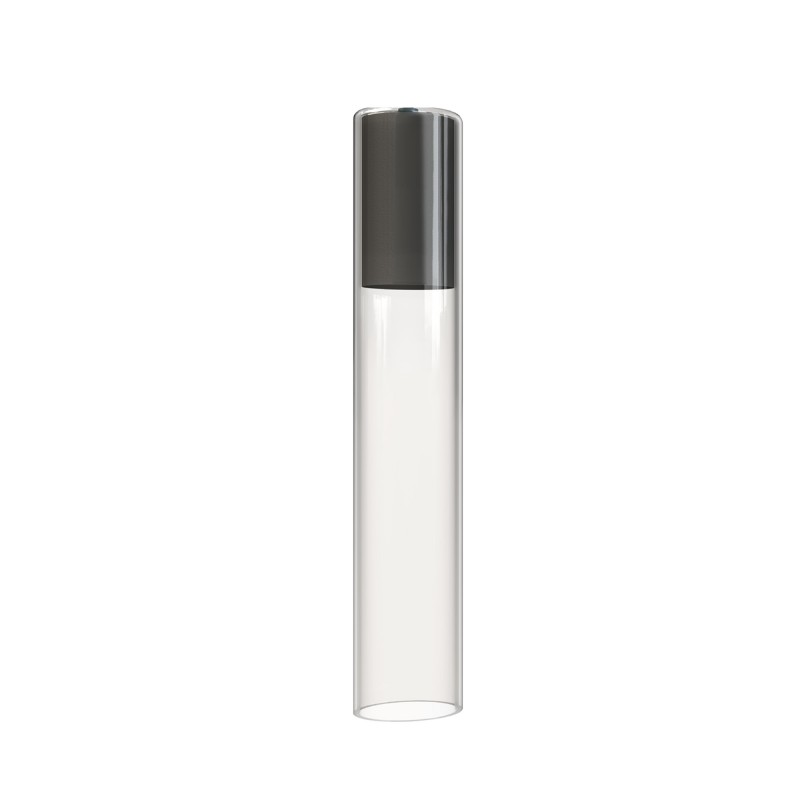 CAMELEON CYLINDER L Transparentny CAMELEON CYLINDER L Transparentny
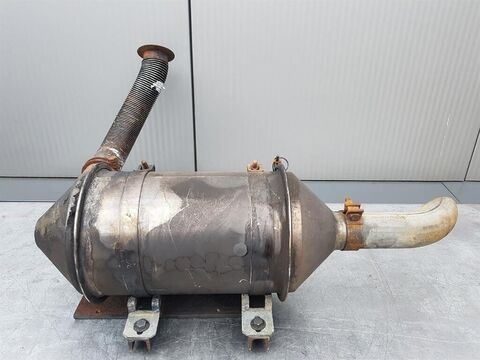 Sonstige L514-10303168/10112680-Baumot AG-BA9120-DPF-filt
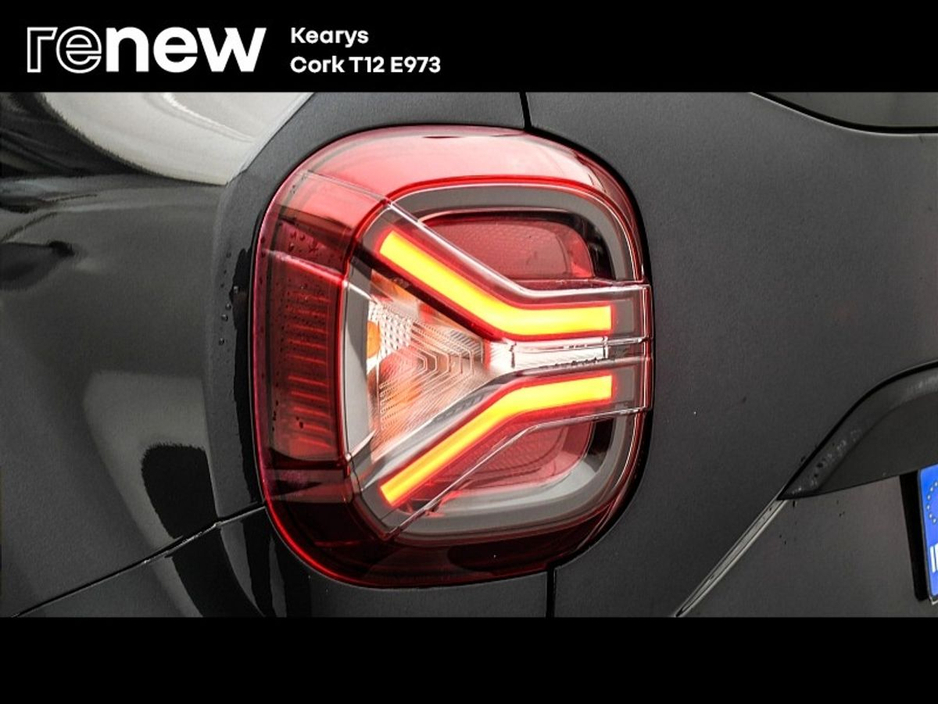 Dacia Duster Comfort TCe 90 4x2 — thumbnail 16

...

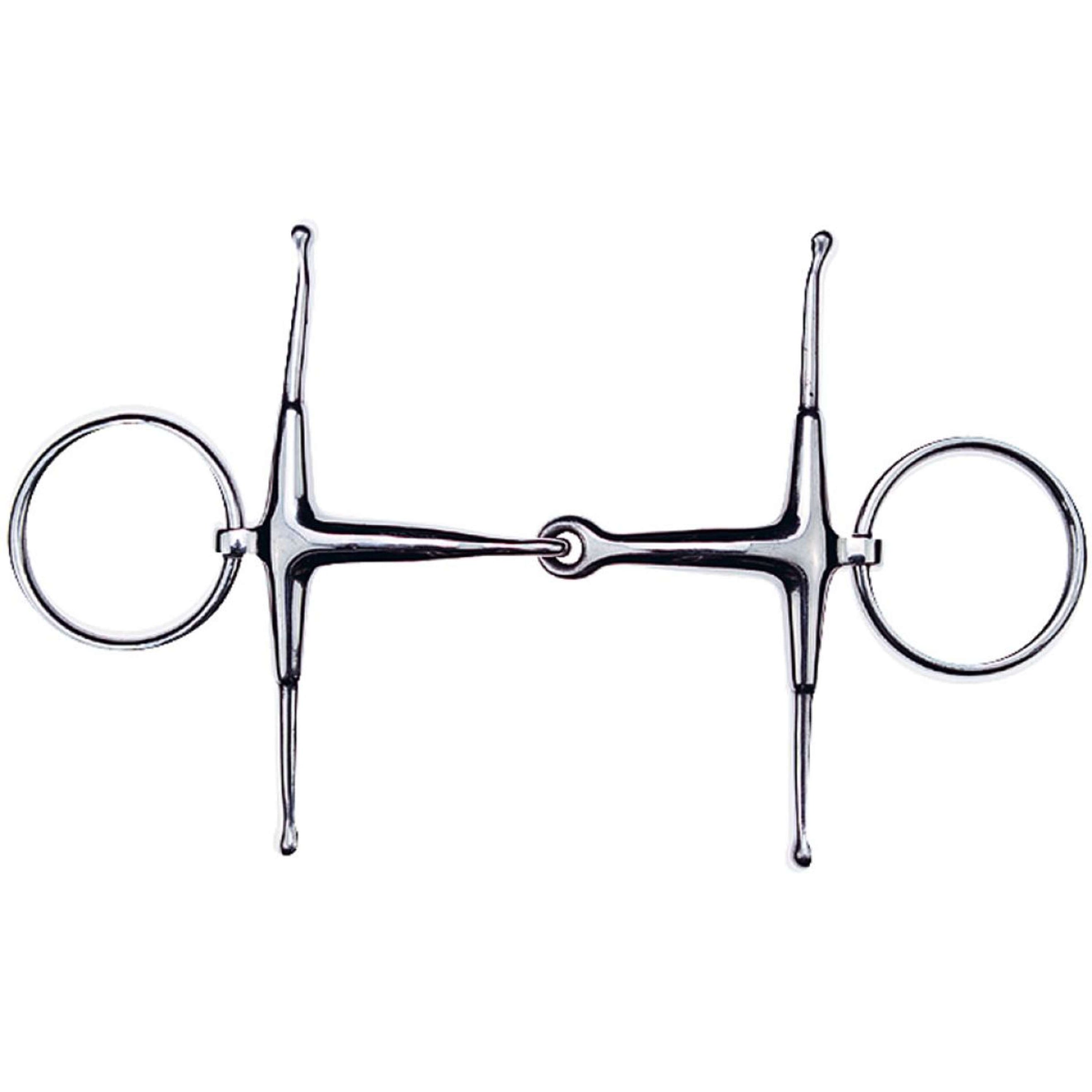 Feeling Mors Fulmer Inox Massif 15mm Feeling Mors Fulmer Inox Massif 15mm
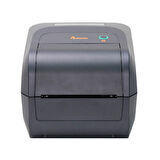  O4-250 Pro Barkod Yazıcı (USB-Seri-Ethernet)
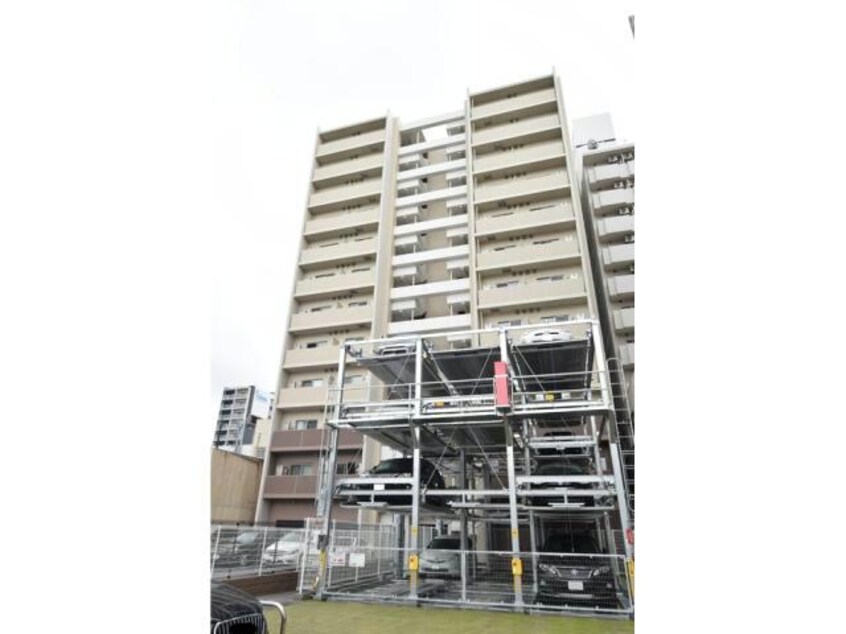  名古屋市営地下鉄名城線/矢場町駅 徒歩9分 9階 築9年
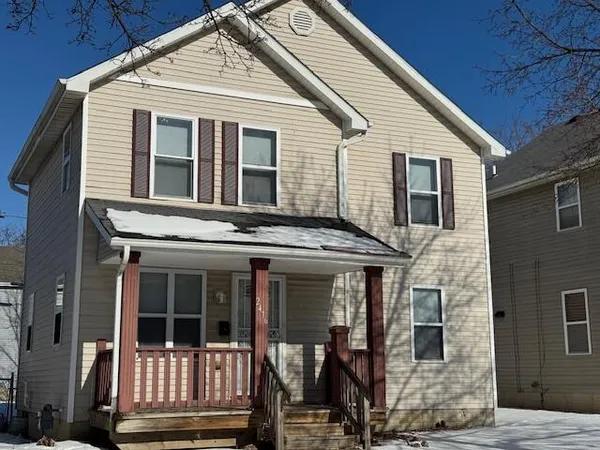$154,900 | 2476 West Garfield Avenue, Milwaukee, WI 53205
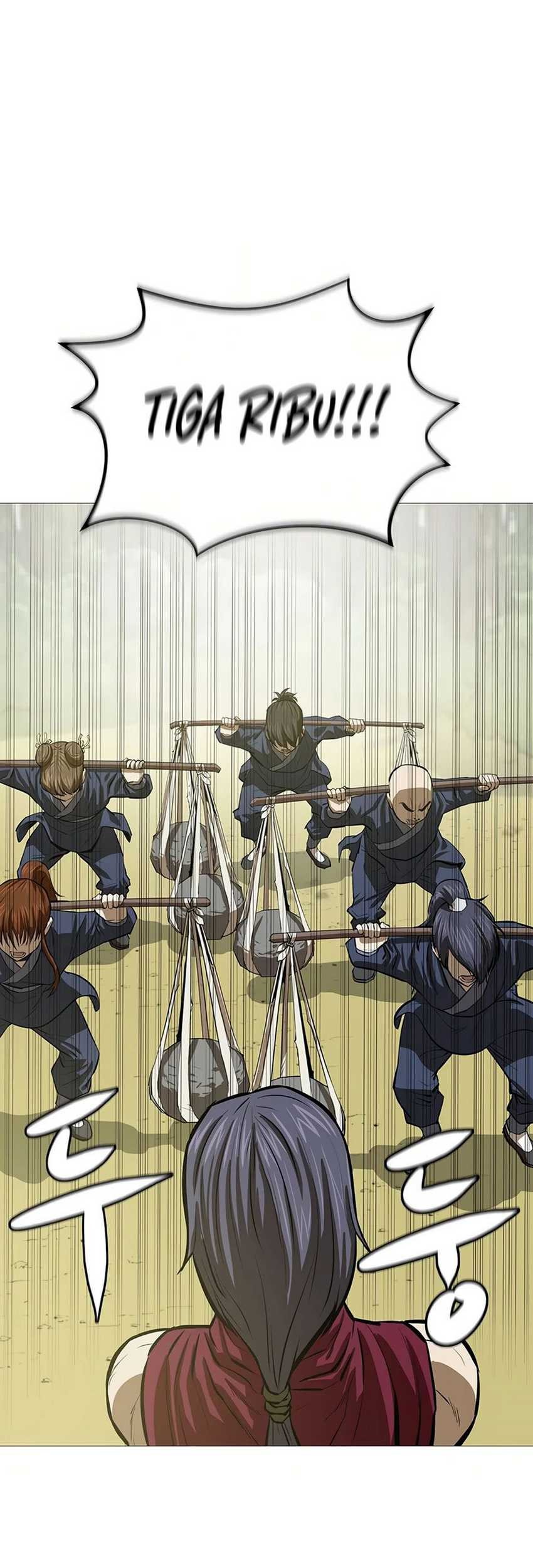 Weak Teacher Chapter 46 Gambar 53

---

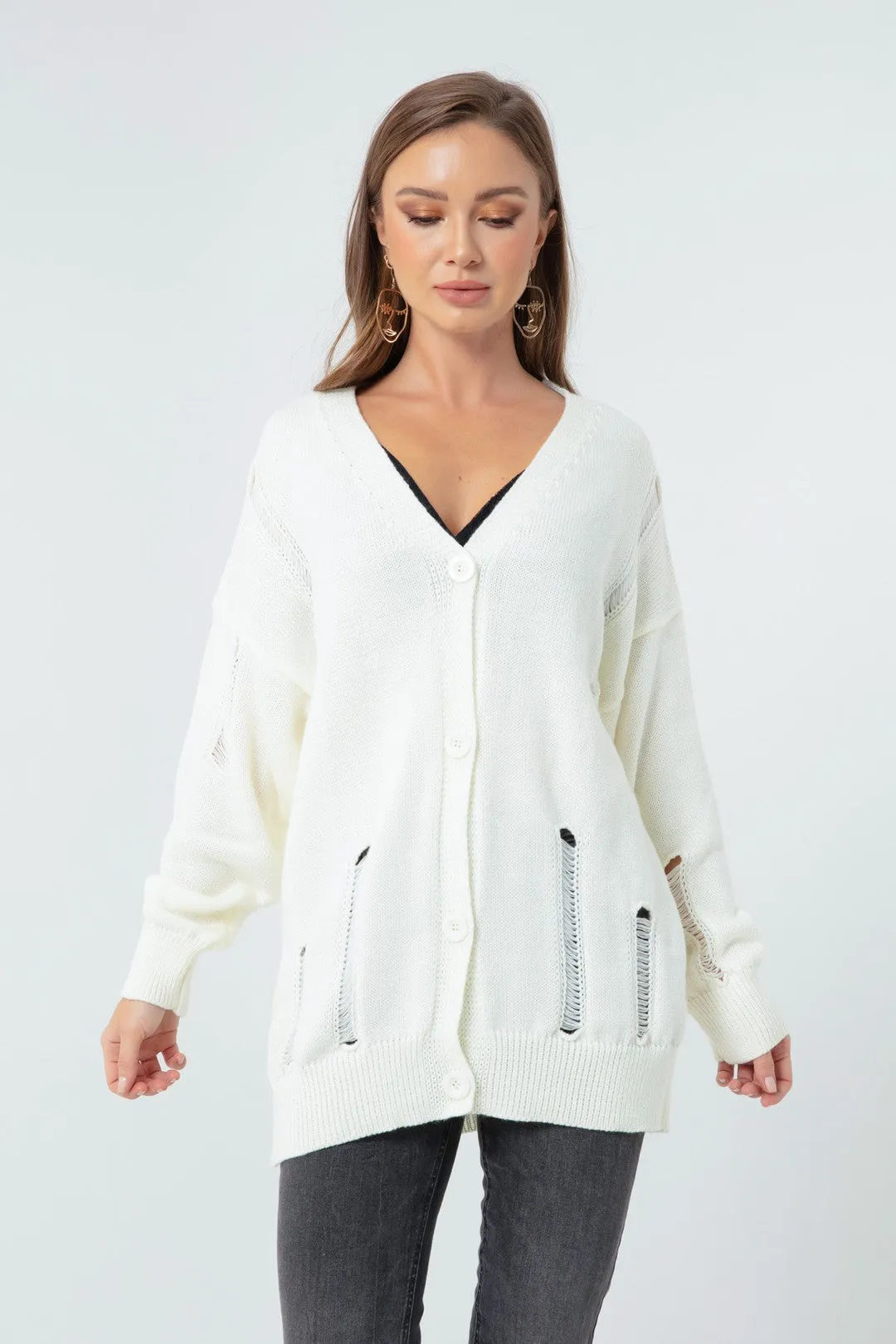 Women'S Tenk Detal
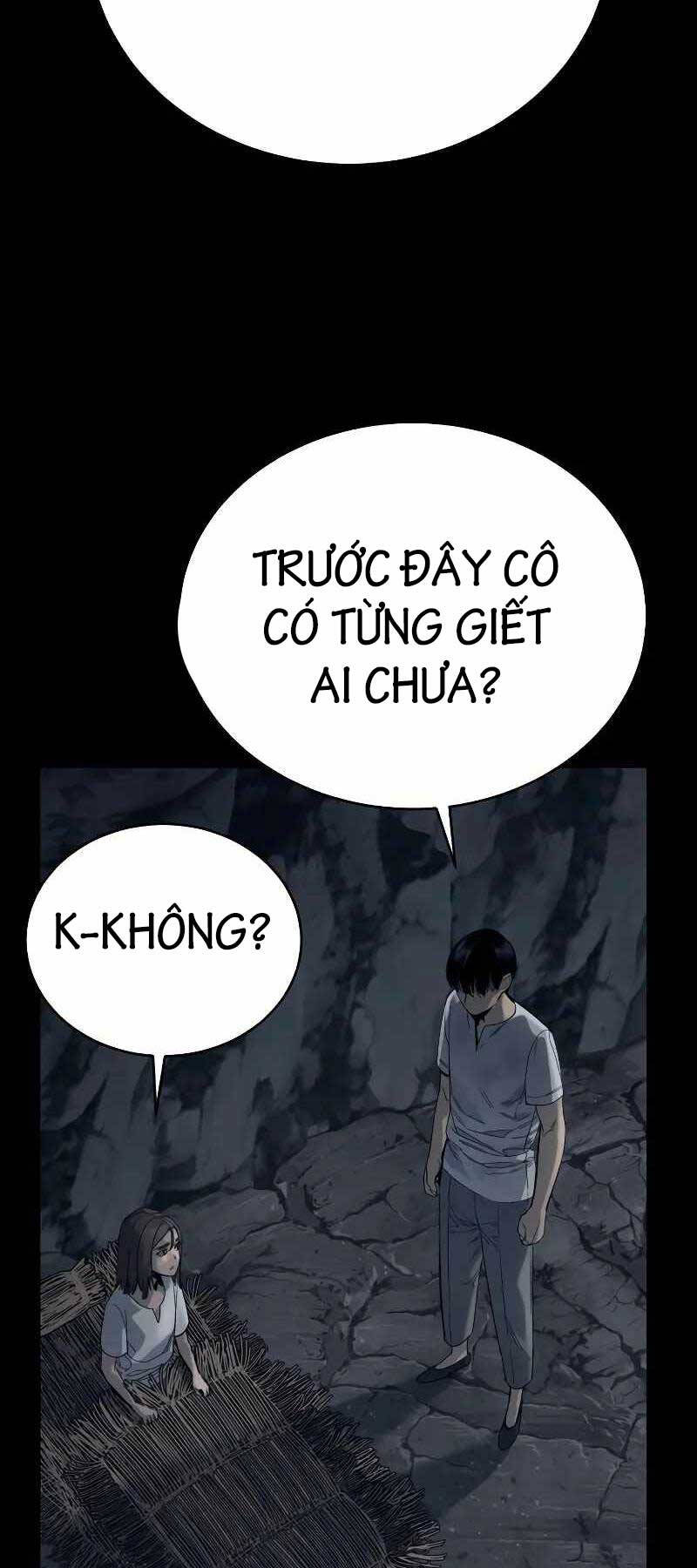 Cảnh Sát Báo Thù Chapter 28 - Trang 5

» Task to complete: In the listing above, find the line containing "Feeling Mors Fulmer Inox Massif 15mm Feeling" and the line containing "Weak Teacher Chapter 46 Gambar 53", then output those two lines and everything between them exactly as written, without the images.

» Response to this task:
 Feeling Mors Fulmer Inox Massif 15mm Feeling Mors Fulmer Inox Massif 15mm
  O4-250 Pro Barkod Yazıcı (USB-Seri-Ethernet)
  名古屋市営地下鉄名城線/矢場町駅 徒歩9分 9階 築9年
$154,900 | 2476 West Garfield Avenue, Milwaukee, WI 53205
 Weak Teacher Chapter 46 Gambar 53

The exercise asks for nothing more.